#' Compare groups
#'
#' Compares groups by (1) creating histogram by group; (2) summarizing
#' descriptive statistics by group; and (3) conducting pairwise
#' comparisons (t-tests and Mann-Whitney tests).
#'
#' @param data a data object (a data frame or a data.table)
#' @param iv_name name of the independent variable (grouping variable)
#' @param dv_name name of the dependent variable (measure variable
#' of interest)
#' @param sigfigs number of significant digits to round to
#' @param stats statistics to calculate for each group.
#' If \code{stats = "basic"},
#' group size, mean, standard deviation, median, minimum, and maximum will
#' be calculated.
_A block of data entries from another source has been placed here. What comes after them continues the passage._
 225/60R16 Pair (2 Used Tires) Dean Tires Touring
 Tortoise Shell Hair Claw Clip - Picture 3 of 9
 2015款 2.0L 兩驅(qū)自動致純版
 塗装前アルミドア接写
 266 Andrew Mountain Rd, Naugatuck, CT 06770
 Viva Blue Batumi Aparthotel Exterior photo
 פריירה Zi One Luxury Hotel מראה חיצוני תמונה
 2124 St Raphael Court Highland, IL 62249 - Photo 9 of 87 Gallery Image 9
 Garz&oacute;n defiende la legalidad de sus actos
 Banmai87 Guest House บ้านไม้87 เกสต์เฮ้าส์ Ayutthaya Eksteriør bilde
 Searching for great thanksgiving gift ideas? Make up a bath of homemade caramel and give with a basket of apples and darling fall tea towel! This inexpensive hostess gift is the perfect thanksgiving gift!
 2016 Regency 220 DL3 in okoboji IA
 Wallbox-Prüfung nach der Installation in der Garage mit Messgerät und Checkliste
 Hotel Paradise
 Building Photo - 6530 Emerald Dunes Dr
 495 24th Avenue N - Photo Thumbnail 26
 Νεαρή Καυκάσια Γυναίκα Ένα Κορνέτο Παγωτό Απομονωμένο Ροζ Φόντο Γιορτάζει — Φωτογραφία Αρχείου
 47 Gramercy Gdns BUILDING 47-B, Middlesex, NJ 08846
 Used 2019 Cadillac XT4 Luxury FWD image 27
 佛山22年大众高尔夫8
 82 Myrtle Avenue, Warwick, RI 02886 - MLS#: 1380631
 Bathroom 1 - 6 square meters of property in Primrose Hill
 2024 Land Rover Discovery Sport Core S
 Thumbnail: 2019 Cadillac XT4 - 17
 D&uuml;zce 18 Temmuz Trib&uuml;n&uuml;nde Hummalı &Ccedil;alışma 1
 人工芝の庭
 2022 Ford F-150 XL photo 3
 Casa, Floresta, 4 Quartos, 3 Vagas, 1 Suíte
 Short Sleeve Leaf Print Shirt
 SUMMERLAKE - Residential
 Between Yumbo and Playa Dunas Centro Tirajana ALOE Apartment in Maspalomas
If \code{stats = "all"}, in addition to the
#' aforementioned statistics, standard error, 95% confidence and
#' prediction intervals, skewness, and kurtosis will also be calculated.
#' The \code{stats} argument can also be a character vector with types of
#' statistics to calculate. For example, entering
#' \code{stats = c("mean", "median")} will calculate mean and median.
#' By default, \code{stats = "basic"}
#' @param welch Should Welch's t-tests be conducted?
#' By default, \code{welch = TRUE}
#' @param cohen_d if \code{cohen_d = TRUE}, Cohen's d statistics will be
#' included in the pairwise comparison data.table.
#' @param cohen_d_w_ci if \code{cohen_d_w_ci = TRUE},
#' Cohen's d with 95% CI will be included in the output data.table.
#' @param adjust_p the name of the method to use to adjust p-values.
#' If \code{adjust_p = "holm"}, the Holm method will be used;
#' if \code{adjust_p = "bonferroni"}, the Bonferroni method will be used.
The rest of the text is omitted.